Short text fragments from websites:
------------------------------------------------

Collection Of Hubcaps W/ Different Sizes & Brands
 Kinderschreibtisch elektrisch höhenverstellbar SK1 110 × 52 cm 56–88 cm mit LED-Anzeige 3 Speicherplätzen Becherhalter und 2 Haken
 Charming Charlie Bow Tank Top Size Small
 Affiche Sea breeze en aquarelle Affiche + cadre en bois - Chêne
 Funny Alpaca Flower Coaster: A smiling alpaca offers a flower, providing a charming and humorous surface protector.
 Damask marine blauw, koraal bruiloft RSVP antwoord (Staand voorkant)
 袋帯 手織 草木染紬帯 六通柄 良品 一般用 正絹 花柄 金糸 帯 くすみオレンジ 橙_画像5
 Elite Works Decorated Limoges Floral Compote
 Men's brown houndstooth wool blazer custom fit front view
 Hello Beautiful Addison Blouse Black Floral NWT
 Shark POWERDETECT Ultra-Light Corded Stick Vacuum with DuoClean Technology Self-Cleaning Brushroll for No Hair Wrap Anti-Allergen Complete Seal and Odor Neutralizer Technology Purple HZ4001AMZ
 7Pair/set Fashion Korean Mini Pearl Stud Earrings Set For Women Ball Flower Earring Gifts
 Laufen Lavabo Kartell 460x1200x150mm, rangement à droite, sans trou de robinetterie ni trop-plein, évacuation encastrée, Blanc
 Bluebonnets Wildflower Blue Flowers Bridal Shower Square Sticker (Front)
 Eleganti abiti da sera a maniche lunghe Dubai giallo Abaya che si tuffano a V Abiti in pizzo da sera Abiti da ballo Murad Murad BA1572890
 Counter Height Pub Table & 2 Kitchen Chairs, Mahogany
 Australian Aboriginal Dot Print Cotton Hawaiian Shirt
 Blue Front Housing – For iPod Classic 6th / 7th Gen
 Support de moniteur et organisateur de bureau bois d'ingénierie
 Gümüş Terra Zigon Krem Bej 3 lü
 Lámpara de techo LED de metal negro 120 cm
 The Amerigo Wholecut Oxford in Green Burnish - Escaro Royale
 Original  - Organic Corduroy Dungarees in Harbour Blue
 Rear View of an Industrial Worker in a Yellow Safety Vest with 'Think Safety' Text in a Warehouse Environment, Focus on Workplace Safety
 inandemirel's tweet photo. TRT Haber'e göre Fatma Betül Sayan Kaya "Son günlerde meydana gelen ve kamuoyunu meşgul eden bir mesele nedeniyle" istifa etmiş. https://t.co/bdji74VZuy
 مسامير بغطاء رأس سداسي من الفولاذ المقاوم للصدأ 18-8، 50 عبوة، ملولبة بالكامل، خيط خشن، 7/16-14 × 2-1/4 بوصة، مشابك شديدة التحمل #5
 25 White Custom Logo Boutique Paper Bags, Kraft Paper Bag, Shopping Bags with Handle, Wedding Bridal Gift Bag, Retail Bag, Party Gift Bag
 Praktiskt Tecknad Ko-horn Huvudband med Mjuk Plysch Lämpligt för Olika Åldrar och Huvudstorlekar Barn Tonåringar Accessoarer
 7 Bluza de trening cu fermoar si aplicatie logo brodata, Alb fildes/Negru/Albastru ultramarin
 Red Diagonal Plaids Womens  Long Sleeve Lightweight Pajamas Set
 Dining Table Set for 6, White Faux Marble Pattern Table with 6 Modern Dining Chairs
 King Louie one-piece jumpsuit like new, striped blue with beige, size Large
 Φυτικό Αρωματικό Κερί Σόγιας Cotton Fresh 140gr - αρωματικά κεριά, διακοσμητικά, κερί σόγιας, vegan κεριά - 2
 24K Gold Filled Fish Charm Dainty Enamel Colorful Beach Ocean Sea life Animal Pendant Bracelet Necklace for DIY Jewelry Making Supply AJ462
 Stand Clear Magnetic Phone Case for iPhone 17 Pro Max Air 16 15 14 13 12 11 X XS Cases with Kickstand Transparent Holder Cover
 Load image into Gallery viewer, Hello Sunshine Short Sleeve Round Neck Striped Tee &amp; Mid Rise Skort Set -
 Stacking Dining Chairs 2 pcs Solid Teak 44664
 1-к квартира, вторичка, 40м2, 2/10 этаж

------------------------------------------------

-- What you need to do --
Among the entries above, copy exactly only the lines starting with the one containing "Eleganti abiti da" and going through the one containing "King Louie one-piece", both ends included.

-- Reply to the exercise --
 Eleganti abiti da sera a maniche lunghe Dubai giallo Abaya che si tuffano a V Abiti in pizzo da sera Abiti da ballo Murad Murad BA1572890
 Counter Height Pub Table & 2 Kitchen Chairs, Mahogany
 Australian Aboriginal Dot Print Cotton Hawaiian Shirt
 Blue Front Housing – For iPod Classic 6th / 7th Gen
 Support de moniteur et organisateur de bureau bois d'ingénierie
 Gümüş Terra Zigon Krem Bej 3 lü
 Lámpara de techo LED de metal negro 120 cm
 The Amerigo Wholecut Oxford in Green Burnish - Escaro Royale
 Original  - Organic Corduroy Dungarees in Harbour Blue
 Rear View of an Industrial Worker in a Yellow Safety Vest with 'Think Safety' Text in a Warehouse Environment, Focus on Workplace Safety
 inandemirel's tweet photo. TRT Haber'e göre Fatma Betül Sayan Kaya "Son günlerde meydana gelen ve kamuoyunu meşgul eden bir mesele nedeniyle" istifa etmiş. https://t.co/bdji74VZuy
 مسامير بغطاء رأس سداسي من الفولاذ المقاوم للصدأ 18-8، 50 عبوة، ملولبة بالكامل، خيط خشن، 7/16-14 × 2-1/4 بوصة، مشابك شديدة التحمل #5
 25 White Custom Logo Boutique Paper Bags, Kraft Paper Bag, Shopping Bags with Handle, Wedding Bridal Gift Bag, Retail Bag, Party Gift Bag
 Praktiskt Tecknad Ko-horn Huvudband med Mjuk Plysch Lämpligt för Olika Åldrar och Huvudstorlekar Barn Tonåringar Accessoarer
 7 Bluza de trening cu fermoar si aplicatie logo brodata, Alb fildes/Negru/Albastru ultramarin
 Red Diagonal Plaids Womens  Long Sleeve Lightweight Pajamas Set
 Dining Table Set for 6, White Faux Marble Pattern Table with 6 Modern Dining Chairs
 King Louie one-piece jumpsuit like new, striped blue with beige, size Large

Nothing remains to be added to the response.